The solution to student engagement in online learning isn’t picking the right way to deliver courses, but allowing students the flexibility to take the course the way they want to, researchers said during an online event this week.
As higher education was forced to switch to online learning last March because of the coronavirus pandemic, educators gained an opportunity to experiment with new teaching techniques and see the results in real time. One major challenge higher education faced was fostering a sense of community while students learned remotely, said participants of the Wednesday symposium, which was co-hosted by learning centers at Duke University, University of Michigan, Stanford, Penn State and Princeton.
Christopher Chen, a senior assistant director at Columbia University’s Center for Teaching and Learning, said during the event that a feeling of social presence and proximity is necessary for students to learn effectively.
“If we can’t build that online, we lose out on a lot of benefits,” he said.
Chen presented research on building community that centered on an online engineering course at Columbia. There, an introductory-level course, mainly attended by sophomores and transferring juniors, were introduced to a nontraditional grading structure and different types of assignments. Students’ midterm grades were switched out for a “community contribution” grade, which is based on participation in class activities.
Instructors called on students during synchronous online lectures, but students received notice before class via email. That led to students feeling less off-guard during a live session when their peers were watching, Chen said.
Over the course of the class, students created more than 600 discussion posts, 35 shared notes and three hours of videos walking through solving various engineering problems. Students engaged more with student-made videos versus instructor-made videos, the study found, and more than 80% of students accessed video of at least one type.
Students did not like discussion posts as much, but said they felt connected through the other options, Chen said.
The median final exam score also improved by about 8.5 points under the new class structure, he said.
The flexibility in how to engage students could also prove beneficial in hybrid learning environments, according to research from the University of Notre Dame.

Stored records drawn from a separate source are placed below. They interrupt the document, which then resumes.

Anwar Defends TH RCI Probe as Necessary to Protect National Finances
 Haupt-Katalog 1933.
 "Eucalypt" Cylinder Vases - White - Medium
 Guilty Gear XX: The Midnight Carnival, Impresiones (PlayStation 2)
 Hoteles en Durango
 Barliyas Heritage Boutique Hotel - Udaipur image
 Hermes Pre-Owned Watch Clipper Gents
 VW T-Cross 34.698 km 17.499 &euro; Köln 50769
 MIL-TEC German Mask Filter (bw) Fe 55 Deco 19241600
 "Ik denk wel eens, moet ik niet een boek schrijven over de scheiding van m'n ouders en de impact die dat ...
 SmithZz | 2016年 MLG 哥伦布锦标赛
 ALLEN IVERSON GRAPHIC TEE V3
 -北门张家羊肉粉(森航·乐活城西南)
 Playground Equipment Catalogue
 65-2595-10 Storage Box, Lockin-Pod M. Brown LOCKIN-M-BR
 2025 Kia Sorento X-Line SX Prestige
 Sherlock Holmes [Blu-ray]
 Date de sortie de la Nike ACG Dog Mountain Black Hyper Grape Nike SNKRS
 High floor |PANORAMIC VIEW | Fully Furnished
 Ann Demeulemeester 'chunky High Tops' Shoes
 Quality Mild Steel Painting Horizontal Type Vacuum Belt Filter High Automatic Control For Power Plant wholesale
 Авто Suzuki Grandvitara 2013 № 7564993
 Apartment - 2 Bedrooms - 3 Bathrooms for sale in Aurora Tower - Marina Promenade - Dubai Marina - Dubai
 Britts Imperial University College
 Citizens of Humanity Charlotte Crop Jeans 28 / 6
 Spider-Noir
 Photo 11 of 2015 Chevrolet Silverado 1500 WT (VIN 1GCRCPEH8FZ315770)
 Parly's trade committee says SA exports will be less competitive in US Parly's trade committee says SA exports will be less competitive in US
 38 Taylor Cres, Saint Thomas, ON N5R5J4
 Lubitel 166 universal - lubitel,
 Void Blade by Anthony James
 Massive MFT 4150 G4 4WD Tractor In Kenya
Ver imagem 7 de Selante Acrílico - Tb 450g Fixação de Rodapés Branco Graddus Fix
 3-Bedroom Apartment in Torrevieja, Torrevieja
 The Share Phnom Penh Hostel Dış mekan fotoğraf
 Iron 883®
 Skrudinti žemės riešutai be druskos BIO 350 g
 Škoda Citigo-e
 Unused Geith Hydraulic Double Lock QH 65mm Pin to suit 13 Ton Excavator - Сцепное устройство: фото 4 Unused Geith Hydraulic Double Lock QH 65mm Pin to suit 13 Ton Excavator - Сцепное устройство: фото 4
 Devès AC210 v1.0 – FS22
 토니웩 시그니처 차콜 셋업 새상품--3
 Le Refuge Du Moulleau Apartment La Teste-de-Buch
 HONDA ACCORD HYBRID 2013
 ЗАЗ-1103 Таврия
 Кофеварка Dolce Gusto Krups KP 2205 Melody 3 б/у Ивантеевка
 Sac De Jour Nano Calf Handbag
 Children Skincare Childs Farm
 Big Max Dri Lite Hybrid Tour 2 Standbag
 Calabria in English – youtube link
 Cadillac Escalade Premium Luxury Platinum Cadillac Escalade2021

G. Alex Ambrose, director of learning research at Notre Dame, presented survey results from hybrid learning courses last fall.
Notre Dame, like many other institutions, invested in cameras, microphones and other technology so that instructors could simultaneously teach online and in-person, as well as record their lectures. In a survey of 1,224 students, nearly all chose to attend a class in-person, but two-thirds said they appreciated the option to attend over Zoom. The majority also thought the technology and practice of recording lectures would continue to be beneficial after the pandemic.
That survey also found students preferred in-person classes, but said remote attendance — an option when students are sick or the weather is bad — was better than no attendance at all.
Instructors surveyed also generally appreciated the opportunity to teach through different methods, with 97% still choosing to hold most of their classes in-person.
“There was a concern that the dual mode would potentially be abused and students and instructors wouldn’t come to class, but based on the set-up and the policies that did not appear to be the case on our particular campus,” Ambrose said.